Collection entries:
══════

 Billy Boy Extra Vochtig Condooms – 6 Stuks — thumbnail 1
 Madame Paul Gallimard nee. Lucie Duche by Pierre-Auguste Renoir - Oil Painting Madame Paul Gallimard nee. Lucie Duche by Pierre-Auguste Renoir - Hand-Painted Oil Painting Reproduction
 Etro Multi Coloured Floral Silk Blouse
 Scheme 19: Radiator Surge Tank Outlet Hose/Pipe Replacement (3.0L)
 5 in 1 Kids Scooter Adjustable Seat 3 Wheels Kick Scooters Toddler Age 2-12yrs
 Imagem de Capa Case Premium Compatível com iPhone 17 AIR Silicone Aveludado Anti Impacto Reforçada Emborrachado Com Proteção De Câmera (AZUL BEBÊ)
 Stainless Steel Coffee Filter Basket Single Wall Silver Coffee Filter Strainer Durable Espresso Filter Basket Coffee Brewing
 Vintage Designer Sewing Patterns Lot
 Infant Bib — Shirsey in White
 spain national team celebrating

══════

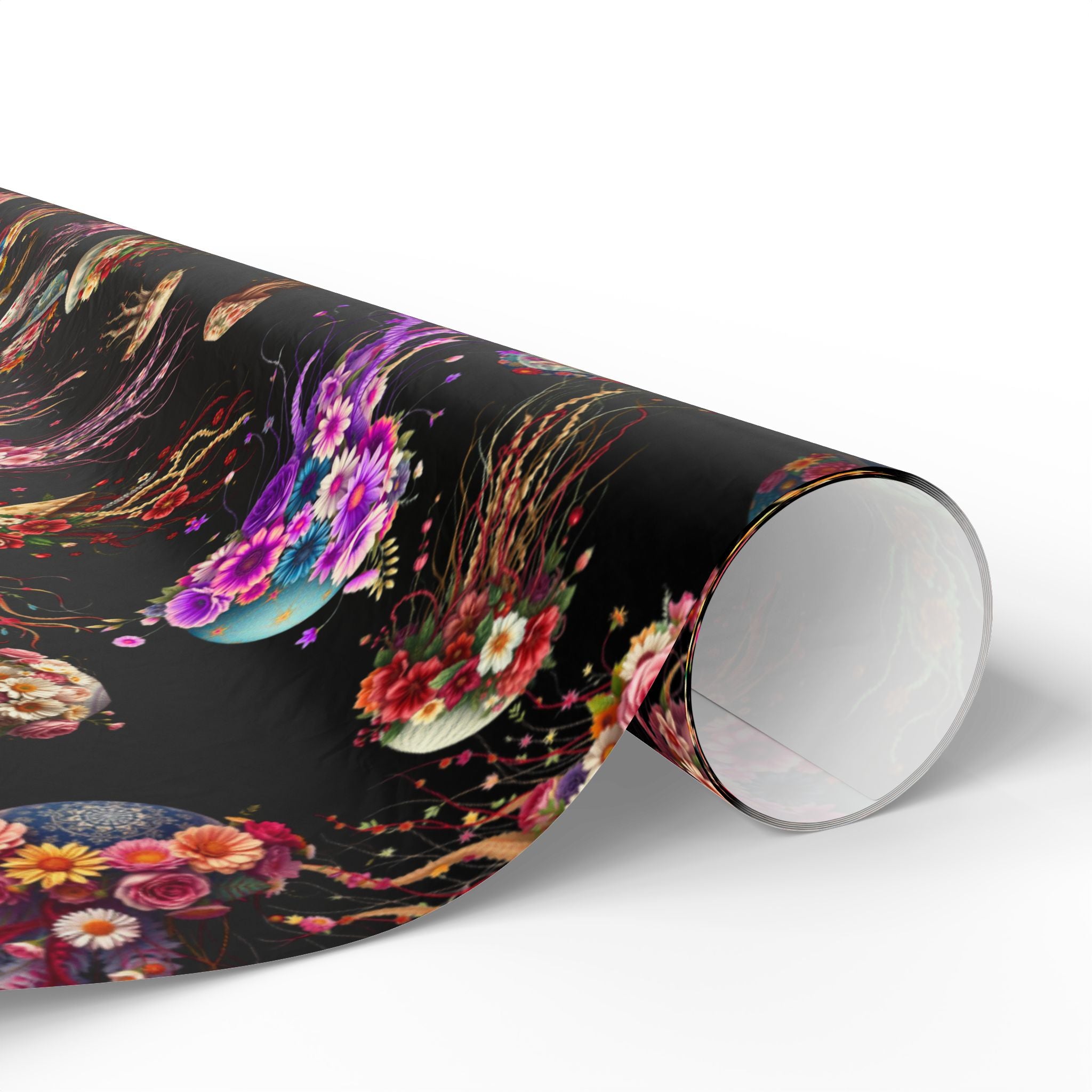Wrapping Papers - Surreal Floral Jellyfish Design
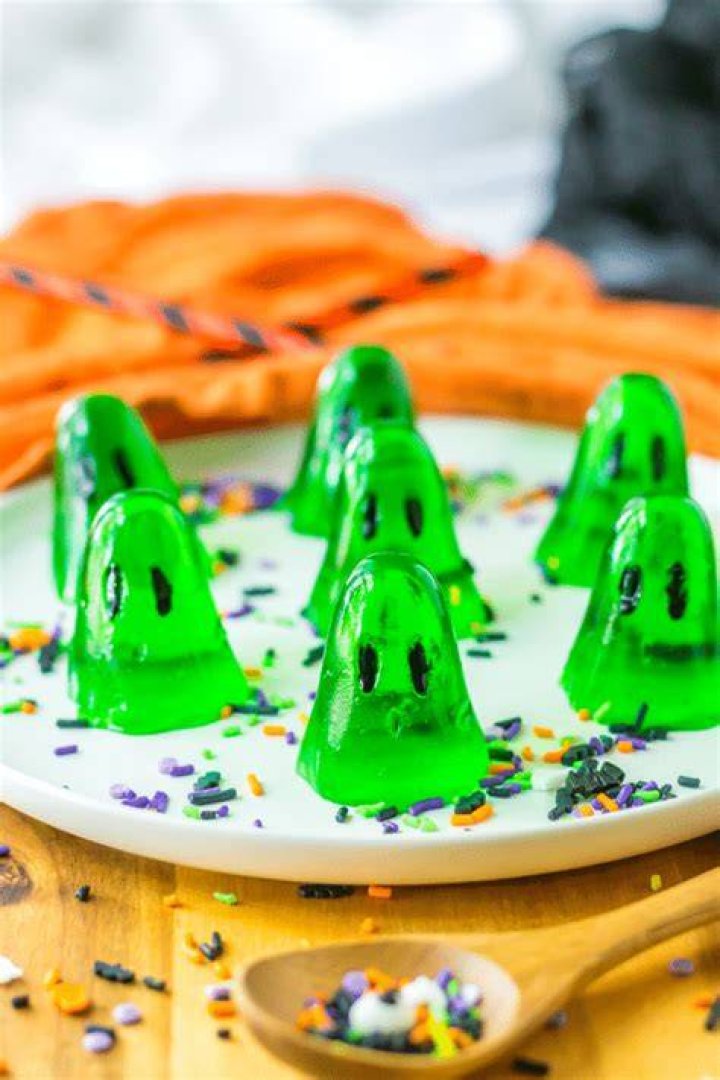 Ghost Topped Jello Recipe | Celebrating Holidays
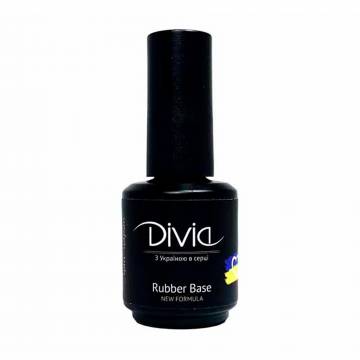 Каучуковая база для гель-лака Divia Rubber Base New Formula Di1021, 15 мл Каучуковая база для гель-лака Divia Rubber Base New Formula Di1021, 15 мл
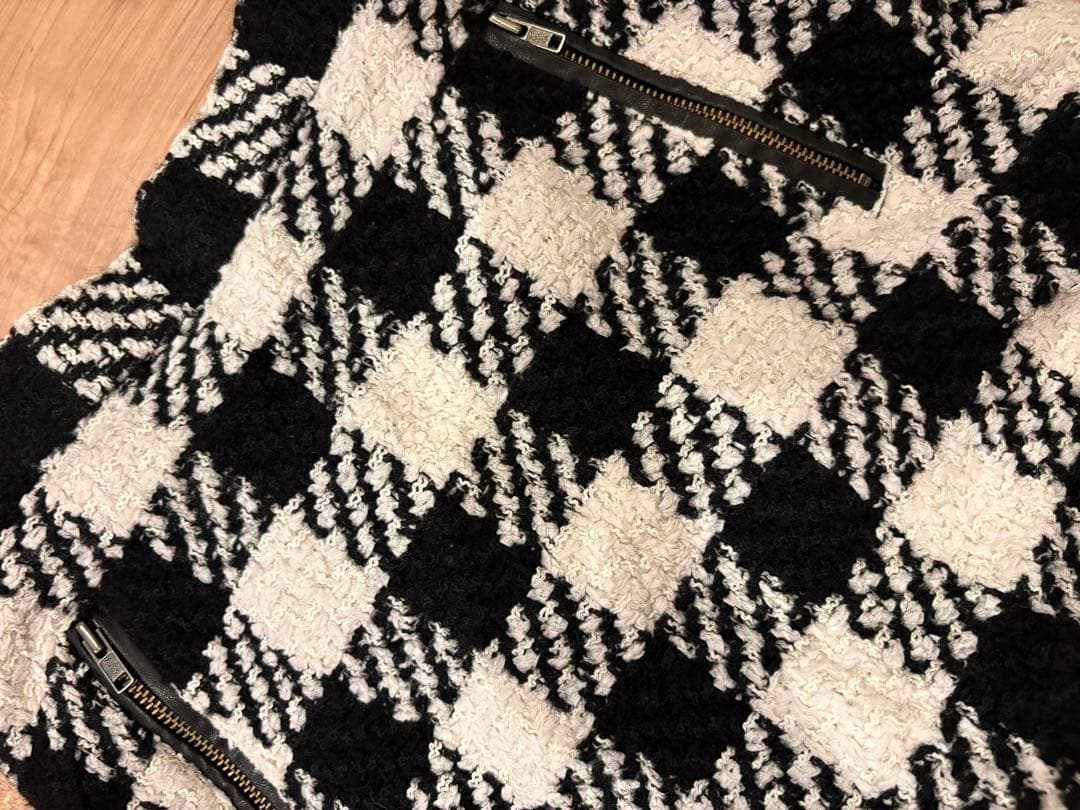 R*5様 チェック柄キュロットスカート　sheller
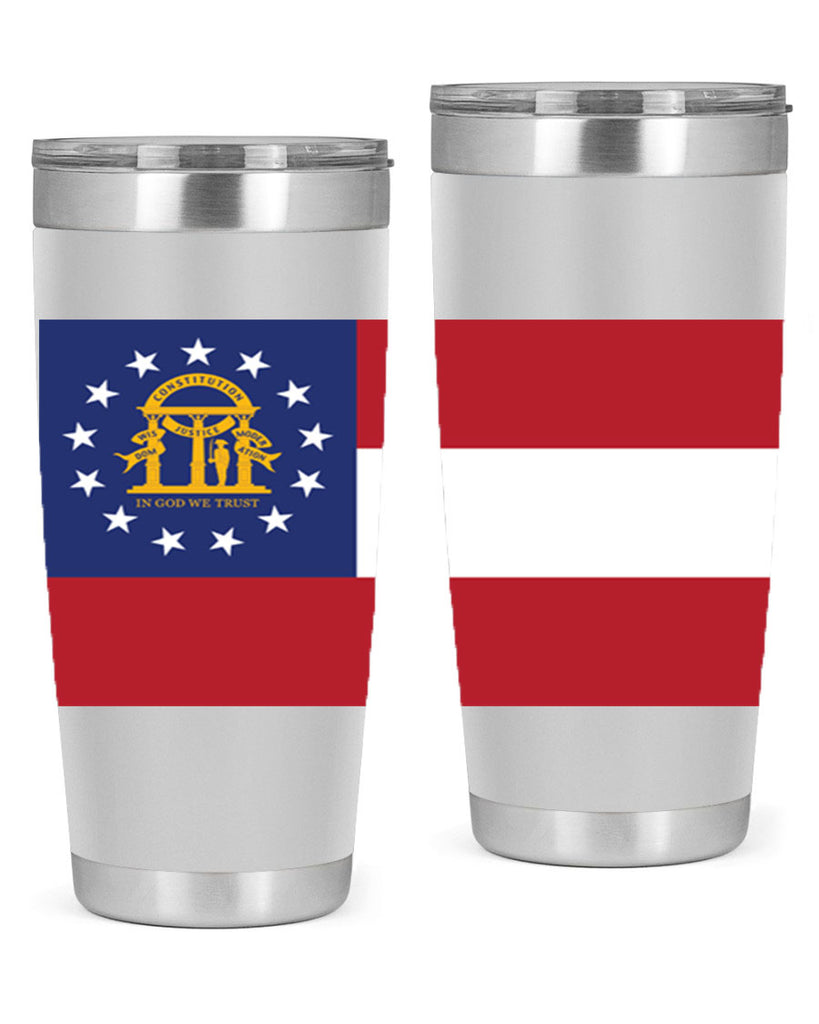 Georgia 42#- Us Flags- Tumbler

══════

▸ **Task objective**
Exact copy, pictures excluded: every line above from the one containing "R*5様 チェック柄キュロットスカート　sheller" to the one containing "Georgia 42#- Us Flags- Tumbler", inclusive, and nothing more.

▸ **Result of the exercise**
 R*5様 チェック柄キュロットスカート　sheller
 Georgia 42#- Us Flags- Tumbler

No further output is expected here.